Re: rseq/arm32: choosing rseq code signature

Mathieu Desnoyers Wed, 17 Apr 2019 08:30:57 -0700

----- On Apr 17, 2019, at 10:43 AM, Mathieu Desnoyers 
[email protected] wrote:


> ----- On Apr 17, 2019, at 6:37 AM, richard earnshaw [email protected]
> wrote:
> 
>> On 16/04/2019 14:39, Mathieu Desnoyers wrote:
>>> ----- On Apr 15, 2019, at 9:37 AM, Mathieu Desnoyers
>>> [email protected] wrote:
>>> 
>>>> ----- On Apr 15, 2019, at 9:30 AM, peter maydell [email protected] 
>>>> wrote:
>>>>
>>>>> On Mon, 15 Apr 2019 at 14:11, Mathieu Desnoyers
>>>>> <[email protected]> wrote:
>>>>>>
>>>>>> ----- On Apr 11, 2019, at 3:55 PM, peter maydell 
>>>>>> [email protected] wrote:
>>>>>>
>>>>>>> On Thu, 11 Apr 2019 at 18:51, Mathieu Desnoyers
>>>>>>> <[email protected]> wrote:
>>>>>>>>  * This translates to the following instruction pattern in the T16 
>>>>>>>> instruction
>>>>>>>>  * set:
>>>>>>>>  *
>>>>>>>>  * little endian:
>>>>>>>>  * def3        udf    #243      ; 0xf3
>>>>>>>>  * e7f5        b.n    <7f5>
>>>>>>>>  *
>>>>>>>>  * big endian:
>>>>>>>>  * e7f5        b.n    <7f5>
>>>>>>>>  * def3        udf    #243      ; 0xf3
>>>>>>>
>>>>>>> Do we really care about big-endian instruction-ordering for Thumb?
>>>>>>> It requires (AIUI) either an ARMv7R CPU which implements and sets
>>>>>>> SCTLR.IE to 1, or a v6-or-earlier CPU using BE32, and it's going to
>>>>>>> be even rarer than normal BE8 big-endian...
>>>>>>
>>>>>> I don't think we care enough about it to look for a trick to
>>>>>> turn the branch into something else (which would not branch away from the
>>>>>> udf instruction), but considering this signature will be ABI, it's good 
>>>>>> to
>>>>>> be thorough documentation-wise and cover all existing cases.
>>>>>
>>>>> I think if you want to document it it would be helpful to
>>>>> readers to make it clear that this is the ultra-rare
>>>>> big-endian-instruction-order "big endian Thumb", not the only
>>>>> moderately-rare little-endian-instructions-big-endian-data
>>>>> "big endian Thumb".
>>>>
>>>> I'm actually very much concerned about environments with big endian
>>>> data and little endian code.
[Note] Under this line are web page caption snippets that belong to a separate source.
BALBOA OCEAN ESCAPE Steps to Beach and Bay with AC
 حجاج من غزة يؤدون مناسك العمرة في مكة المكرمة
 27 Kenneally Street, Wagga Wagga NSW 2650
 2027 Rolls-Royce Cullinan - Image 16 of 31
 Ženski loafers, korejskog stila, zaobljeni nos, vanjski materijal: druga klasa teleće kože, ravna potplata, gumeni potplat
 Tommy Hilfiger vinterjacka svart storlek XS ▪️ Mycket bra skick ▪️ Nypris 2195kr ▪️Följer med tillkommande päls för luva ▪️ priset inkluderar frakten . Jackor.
Which gcc compiler flags do I need to
>>>> use to test it ?
>>>>
>>>> I'm concerned about a signature mismatch between what is passed to
>>>> the rseq system call ("data-endian signature") and what is generated
>>>> in the code ("instruction-endian signature").
>>> 
>>> Based on this page:
>>> http://infocenter.arm.com/help/index.jsp?topic=/com.arm.doc.ddi0360f/CDFBBCHB.html
>>> 
>>> My understanding is that the situation is as follows (please confirm):
>>> 
>>> - Prior to ARMv6, you could build and run code that is either big or little
>>> endian,
>>>   given you had a matching Linux kernel endianness. Code and data endianness
>>>   needed
>>>   to match,
>>> - Starting from ARMv6, only little endian code is supported. The endianness 
>>> for
>>> data
>>>   access can be changed through bit [9], the E bit, of the Program Status
>>>   Register,
>>>   (mixed endianness)
>>> 
>>> Looking at ARM build options for gcc, it seems you can select either big or
>>> little
>>> endian (-mbig-endian or -mlittle-endian (default)) which affects both
>>> instruction and
>>> data endianness. So I suspect the -mbig-endian option is really only useful 
>>> for
>>> pre-ARMv6.
>> 
>> -mbig-endian is still correct, even on later architectures.  The linker
>> gets involved, however, and (using the mapping symbol information) swaps
>> the code segments to little-endian form (this is why you have to use
>> .inst rather than .word when inserting instructions, so that the correct
>> mapping symbols are inserted).
> 
> So what you're saying is that if I have:
> 
> void main()
> {
>        asm volatile (
>                        ".arm\n\t"
>                        ".inst 0xe7f5def3\n\t"
>                        ".long 0xe7f5def3\n\t");
> }
> 
> and compile it with:
> 
> arm-linux-gnueabihf-gcc -mbig-endian -march=armv6 -c -o arm-big-endianv6.o
> arm-test-endian.c
> 
> It's expected that the generated .o will have big endian instructions, 
> matching
> the endianness of the data, e.g.:
> 
> hexdump arm-big-endianv6.o
> 
> [...]
> 0000030 0a00 0900 80b5 00af f5e7 f3de f5e7 f3de
> 
> But it's then at the linking stage that the linker will
> reverse the endianness of the ".inst" (but not .long).
> 
> Let's see:
> 
> arm-linux-gnueabihf-gcc -nodefaultlibs -nostdlib -mbig-endian -march=armv6 -o
> arm-big-endianv6 arm-big-endianv6.o
> /usr/lib/gcc-cross/arm-linux-gnueabihf/7/../../../../arm-linux-gnueabihf/bin/ld:
> warning: cannot find entry symbol _start; defaulting to 00000000000001b0
> 
> hexdump gives me:
> [...]
> 00001b0 80b5 00af f5e7 f3de f5e7 f3de c046 bd46
> 
> So it has not reversed the instruction endianness.
> 
> What am I doing wrong ?

It seems to be specific to using armv6 and armv7* with gcc 7.
gcc 8 seems to indeed reverse the code vs data endianness.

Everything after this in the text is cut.